Quand les collectivités se transforment en fonds d’investissement, à l’instar des sociétés de capital-risque, pour aider au financement des entreprises, alors que l’on vise le modèle des Länder, on frise plutôt la légende allemande… de l’apprenti sorcier. Le capital investissement, outil ô combien capitalistique, est le plus souvent mal maîtrisé par les organismes publics et nécessite de vraies compétences managériales pour accompagner les porteurs de projet.
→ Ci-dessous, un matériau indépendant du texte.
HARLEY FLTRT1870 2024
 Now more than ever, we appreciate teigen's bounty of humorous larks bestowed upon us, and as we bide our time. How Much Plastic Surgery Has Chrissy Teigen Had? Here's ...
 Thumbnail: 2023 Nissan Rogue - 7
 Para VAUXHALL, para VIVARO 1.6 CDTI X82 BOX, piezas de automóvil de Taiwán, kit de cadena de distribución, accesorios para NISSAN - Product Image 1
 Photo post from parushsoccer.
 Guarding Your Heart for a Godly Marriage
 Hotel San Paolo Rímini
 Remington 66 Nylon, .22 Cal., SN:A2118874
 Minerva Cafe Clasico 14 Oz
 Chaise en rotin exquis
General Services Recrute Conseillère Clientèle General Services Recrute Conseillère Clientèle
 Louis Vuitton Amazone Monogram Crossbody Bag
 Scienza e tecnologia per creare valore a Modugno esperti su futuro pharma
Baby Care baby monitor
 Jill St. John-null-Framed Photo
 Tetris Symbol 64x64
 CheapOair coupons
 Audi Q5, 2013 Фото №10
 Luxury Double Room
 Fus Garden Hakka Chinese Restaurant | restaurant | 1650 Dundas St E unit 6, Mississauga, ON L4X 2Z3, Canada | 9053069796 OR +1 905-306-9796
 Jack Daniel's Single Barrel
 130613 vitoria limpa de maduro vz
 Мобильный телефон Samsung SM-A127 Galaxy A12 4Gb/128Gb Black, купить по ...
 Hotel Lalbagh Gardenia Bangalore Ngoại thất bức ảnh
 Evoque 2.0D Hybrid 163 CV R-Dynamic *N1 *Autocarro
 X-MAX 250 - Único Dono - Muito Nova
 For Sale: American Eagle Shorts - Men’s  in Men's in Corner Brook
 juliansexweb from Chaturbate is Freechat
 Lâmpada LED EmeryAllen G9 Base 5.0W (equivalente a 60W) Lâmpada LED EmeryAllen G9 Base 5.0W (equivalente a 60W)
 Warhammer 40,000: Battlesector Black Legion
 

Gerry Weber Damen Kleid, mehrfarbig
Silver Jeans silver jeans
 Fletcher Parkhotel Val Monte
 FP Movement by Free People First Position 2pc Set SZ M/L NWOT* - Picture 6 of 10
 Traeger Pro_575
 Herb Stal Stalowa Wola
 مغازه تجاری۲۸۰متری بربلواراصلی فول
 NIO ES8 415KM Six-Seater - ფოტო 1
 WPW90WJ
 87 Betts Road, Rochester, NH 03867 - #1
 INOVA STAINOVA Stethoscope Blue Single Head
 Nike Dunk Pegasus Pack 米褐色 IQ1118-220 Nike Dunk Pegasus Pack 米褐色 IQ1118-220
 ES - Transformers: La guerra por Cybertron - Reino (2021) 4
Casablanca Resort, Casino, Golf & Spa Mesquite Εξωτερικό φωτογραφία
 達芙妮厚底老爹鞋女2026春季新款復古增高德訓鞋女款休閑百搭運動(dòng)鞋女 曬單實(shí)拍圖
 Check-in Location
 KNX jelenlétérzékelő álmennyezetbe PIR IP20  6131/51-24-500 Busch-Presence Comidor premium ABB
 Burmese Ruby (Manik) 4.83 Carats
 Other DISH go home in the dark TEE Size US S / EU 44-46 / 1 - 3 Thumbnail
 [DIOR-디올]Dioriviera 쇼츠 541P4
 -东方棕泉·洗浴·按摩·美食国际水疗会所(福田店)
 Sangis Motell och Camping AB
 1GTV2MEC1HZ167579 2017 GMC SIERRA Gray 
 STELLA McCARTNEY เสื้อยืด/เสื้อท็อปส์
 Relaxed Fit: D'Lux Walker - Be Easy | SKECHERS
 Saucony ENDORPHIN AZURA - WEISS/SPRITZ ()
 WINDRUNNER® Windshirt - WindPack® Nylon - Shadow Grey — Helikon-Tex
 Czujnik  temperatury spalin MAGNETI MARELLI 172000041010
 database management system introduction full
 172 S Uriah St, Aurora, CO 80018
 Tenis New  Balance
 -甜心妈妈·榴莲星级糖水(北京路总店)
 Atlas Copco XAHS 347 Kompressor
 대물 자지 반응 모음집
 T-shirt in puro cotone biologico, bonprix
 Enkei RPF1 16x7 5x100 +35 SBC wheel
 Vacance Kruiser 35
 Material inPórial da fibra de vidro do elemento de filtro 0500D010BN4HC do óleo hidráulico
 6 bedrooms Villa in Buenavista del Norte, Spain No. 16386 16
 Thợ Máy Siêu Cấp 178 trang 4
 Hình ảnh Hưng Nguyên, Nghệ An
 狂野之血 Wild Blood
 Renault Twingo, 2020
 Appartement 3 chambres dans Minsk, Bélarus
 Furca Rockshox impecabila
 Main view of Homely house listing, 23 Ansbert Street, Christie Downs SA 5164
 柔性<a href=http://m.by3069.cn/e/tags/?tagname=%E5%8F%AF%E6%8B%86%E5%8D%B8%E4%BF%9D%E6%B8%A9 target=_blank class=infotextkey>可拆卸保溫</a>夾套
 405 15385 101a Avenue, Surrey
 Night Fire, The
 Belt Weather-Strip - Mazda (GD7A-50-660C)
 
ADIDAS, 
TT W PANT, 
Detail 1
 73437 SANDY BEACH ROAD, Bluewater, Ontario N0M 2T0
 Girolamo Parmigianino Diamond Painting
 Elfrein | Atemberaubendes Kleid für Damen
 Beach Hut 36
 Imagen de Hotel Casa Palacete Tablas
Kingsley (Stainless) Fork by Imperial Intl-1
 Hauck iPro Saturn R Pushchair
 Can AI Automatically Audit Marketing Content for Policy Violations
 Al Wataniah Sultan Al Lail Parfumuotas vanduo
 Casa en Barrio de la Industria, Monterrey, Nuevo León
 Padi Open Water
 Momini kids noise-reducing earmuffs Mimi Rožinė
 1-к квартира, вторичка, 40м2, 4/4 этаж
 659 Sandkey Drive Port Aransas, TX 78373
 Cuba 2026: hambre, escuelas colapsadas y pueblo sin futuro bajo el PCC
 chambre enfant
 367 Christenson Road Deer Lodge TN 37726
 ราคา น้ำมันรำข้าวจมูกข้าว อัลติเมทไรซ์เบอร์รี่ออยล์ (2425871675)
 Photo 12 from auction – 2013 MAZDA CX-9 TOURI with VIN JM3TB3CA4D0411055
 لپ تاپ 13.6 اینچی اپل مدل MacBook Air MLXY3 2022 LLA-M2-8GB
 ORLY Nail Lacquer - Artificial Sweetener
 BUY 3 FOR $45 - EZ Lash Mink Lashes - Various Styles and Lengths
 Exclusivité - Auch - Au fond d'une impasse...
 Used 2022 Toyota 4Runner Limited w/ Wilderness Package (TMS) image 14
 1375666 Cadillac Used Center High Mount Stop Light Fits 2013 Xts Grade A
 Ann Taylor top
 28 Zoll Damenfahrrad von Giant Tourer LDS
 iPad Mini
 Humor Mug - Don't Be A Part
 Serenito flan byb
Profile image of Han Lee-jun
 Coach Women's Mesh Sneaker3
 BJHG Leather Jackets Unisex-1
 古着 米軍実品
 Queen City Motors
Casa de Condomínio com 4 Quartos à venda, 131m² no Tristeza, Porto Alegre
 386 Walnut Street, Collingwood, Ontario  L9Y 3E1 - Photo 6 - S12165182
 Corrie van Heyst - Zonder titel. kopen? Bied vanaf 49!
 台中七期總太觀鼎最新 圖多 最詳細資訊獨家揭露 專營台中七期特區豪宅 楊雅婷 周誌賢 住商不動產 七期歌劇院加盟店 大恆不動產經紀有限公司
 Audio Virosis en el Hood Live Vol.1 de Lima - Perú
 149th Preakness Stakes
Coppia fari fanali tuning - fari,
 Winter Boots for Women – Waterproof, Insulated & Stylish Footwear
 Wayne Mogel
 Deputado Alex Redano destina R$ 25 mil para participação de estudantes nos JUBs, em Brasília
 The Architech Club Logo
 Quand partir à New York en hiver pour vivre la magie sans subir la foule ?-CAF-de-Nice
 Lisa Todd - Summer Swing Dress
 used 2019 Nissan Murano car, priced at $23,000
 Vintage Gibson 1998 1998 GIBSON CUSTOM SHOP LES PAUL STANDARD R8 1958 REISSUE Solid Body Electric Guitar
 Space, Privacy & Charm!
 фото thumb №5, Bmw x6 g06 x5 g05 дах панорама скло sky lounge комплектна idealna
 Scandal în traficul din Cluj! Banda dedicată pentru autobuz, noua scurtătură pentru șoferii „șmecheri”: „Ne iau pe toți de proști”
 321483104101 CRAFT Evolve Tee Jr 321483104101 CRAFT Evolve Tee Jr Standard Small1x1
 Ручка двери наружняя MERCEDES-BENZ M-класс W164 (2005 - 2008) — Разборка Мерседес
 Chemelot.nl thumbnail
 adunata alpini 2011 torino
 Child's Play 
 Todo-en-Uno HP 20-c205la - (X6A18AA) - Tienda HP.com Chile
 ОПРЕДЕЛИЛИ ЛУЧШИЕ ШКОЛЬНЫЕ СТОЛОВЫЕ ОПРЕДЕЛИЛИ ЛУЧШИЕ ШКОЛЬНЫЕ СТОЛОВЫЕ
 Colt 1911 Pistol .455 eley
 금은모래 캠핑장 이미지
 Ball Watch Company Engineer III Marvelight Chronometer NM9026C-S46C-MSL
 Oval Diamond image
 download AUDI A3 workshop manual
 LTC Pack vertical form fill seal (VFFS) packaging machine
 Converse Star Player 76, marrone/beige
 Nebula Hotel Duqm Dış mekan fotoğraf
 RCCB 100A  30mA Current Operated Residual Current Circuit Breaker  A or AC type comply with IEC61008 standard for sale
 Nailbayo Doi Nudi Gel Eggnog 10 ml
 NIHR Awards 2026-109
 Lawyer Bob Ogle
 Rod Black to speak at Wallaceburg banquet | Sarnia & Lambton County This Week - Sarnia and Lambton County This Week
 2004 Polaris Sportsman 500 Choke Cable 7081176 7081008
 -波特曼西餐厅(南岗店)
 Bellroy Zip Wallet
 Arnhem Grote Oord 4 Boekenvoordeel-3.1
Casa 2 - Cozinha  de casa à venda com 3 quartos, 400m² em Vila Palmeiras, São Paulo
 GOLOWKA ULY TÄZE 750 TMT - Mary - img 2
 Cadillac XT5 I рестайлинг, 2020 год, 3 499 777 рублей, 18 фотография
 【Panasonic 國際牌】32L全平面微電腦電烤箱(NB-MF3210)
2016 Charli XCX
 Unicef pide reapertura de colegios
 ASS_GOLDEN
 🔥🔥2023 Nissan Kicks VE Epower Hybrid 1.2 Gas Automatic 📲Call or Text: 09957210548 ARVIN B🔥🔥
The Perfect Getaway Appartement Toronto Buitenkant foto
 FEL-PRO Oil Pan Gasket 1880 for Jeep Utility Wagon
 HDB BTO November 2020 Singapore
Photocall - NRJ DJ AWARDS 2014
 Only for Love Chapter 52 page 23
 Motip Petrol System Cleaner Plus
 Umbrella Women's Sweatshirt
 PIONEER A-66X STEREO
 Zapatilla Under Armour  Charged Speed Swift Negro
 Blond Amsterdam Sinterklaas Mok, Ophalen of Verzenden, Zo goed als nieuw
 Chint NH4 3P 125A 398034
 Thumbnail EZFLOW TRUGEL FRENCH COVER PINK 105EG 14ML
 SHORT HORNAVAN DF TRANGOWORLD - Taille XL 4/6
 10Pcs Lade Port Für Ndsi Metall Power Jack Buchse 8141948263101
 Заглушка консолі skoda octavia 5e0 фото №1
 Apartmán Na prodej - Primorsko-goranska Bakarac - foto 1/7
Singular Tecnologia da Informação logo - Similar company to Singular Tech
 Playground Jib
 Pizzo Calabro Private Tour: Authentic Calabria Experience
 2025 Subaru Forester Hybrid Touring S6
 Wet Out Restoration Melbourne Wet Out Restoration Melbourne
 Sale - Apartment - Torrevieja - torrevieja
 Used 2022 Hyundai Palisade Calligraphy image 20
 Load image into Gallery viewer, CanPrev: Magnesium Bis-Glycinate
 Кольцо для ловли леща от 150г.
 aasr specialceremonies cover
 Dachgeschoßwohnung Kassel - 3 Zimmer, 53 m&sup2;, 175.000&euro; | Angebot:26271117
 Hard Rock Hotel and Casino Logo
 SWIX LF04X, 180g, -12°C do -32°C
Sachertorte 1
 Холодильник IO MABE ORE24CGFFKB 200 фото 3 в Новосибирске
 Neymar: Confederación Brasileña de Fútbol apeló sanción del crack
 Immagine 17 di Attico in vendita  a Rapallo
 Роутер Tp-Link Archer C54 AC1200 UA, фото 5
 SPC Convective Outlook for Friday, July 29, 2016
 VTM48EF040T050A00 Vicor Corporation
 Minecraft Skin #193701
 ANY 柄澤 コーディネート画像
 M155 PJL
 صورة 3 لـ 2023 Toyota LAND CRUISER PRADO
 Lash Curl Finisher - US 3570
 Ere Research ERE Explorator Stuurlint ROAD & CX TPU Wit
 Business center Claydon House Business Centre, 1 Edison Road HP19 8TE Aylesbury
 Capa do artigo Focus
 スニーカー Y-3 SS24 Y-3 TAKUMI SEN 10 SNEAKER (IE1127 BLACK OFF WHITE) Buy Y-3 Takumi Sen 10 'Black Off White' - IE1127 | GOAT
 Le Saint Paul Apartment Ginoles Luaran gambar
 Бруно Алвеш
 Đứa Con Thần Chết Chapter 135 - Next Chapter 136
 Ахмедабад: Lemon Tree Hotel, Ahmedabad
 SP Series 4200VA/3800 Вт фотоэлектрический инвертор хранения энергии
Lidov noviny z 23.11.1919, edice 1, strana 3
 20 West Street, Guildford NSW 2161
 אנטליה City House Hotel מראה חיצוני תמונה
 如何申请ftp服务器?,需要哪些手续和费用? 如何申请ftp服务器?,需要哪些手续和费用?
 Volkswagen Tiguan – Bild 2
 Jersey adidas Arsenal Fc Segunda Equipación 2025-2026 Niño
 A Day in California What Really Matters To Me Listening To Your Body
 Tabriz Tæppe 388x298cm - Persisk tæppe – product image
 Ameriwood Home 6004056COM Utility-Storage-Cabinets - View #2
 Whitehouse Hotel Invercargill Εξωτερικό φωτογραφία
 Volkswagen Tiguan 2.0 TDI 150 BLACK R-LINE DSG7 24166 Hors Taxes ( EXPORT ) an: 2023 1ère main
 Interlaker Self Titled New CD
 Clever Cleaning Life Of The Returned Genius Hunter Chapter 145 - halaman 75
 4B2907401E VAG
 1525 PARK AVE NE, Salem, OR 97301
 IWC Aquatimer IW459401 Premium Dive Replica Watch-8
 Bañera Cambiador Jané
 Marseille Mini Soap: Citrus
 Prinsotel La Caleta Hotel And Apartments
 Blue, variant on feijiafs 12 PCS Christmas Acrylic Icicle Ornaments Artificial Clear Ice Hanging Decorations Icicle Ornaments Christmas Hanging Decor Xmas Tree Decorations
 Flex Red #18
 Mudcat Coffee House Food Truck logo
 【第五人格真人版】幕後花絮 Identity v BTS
Il n’a d’ailleurs de sens, comme le remarque candidement la Cour des Comptes, que si les collectivités se substituent aux défaillances du marché, en acceptant d’investir dans des projets hautement risqués, peu gourmands en capital mais qui ne rencontrent pas d’échos auprès d’investisseurs privés.
Or, en moyenne, le montant moyen des aides publiques accordées s’élève à 12 millions d’euros et concernent quelques cas alors que les porteurs de projets risqués ont des besoins inférieurs à 170 000 euros… D’autre part, aider à l’investissement, c’est agir rapidement. Que dire quand le délai moyen constaté entre l’étude d’un projet et le versement de l’aide n’est jamais inférieur à 150 jours et varie le plus souvent entre 6 mois et un an ?
L’absence de gouvernance en matière d’aide économique aboutit à du saupoudrage qui ne permettra jamais de combler l’écart de salaire avec un ouvrier chinois au revenu mensuel d’à peine 100 euros. A l’heure où l’Europe refuse toute politique industrielle volontariste et dans un contexte d’euro fort, l’Etat continue de se décharger de toute politique structurelle longue et médiatiquement peu sexy au profit de paquets fiscaux. A quand le grand soir de la réforme de l’administration territoriale et la fusion du département et de la région ? On peut en rêver avec la Cour des Comptes…
Voilà une des pistes qui auraient du être explorées par le président champion de la rupture…
L’inflation des structures et niveaux de décision dans le pays, avec son corollaire de dépenses publiques absurdes.
Mais voilà : Fillon était déjà là au temps de Raffarin, on le retrouve sous sarco.
La rutpure ?
Sarco était-il forcé de reprendre ce même personnel ?
Fallait-il qu’il donne des gages de docilité à l’ordre mondial nouveau, pour obtenir son adoubement en vue de la présidentielle ?
En attendant, notre irrésistible président incarne héroïquement le nouveau désordre social.
Bravo pour votre article, et félicitations à la Cour des comptes, qui connaît, (grâce à son ténébreux président ?) une nouvelle jeunesse.
La solution à ce maquis des aides publiques est connue : désigner, dans chaque territoire, une collectivité (La Région, le département, la ville, l’intercommunalité), responsable par politique publique. On aboutirait ainsi au fameux slogan, pas moins d’argent public mais de l’argent mieux dépensé.
Pour cela, il faut, nécessairement, que certains élus locaux, barons républicains, notables parlementaires, renoncent à intervenir sur tout, dans de nombreux cas dans une "concurrence" acharnée avec les autres niveaux de collectivités.
Il faudrait donc le courage politique de commencer par supprimer le cumul des mandats, qui est la cause du blocage institutionnel de la France, et qui explique, en grande partie, pourquoi la France compte aujourd’hui, sur un même territoire, jusqu’à 5 échelons de collectivités, là où certains pays n’en ont, pour leur plus grand bien, que 2.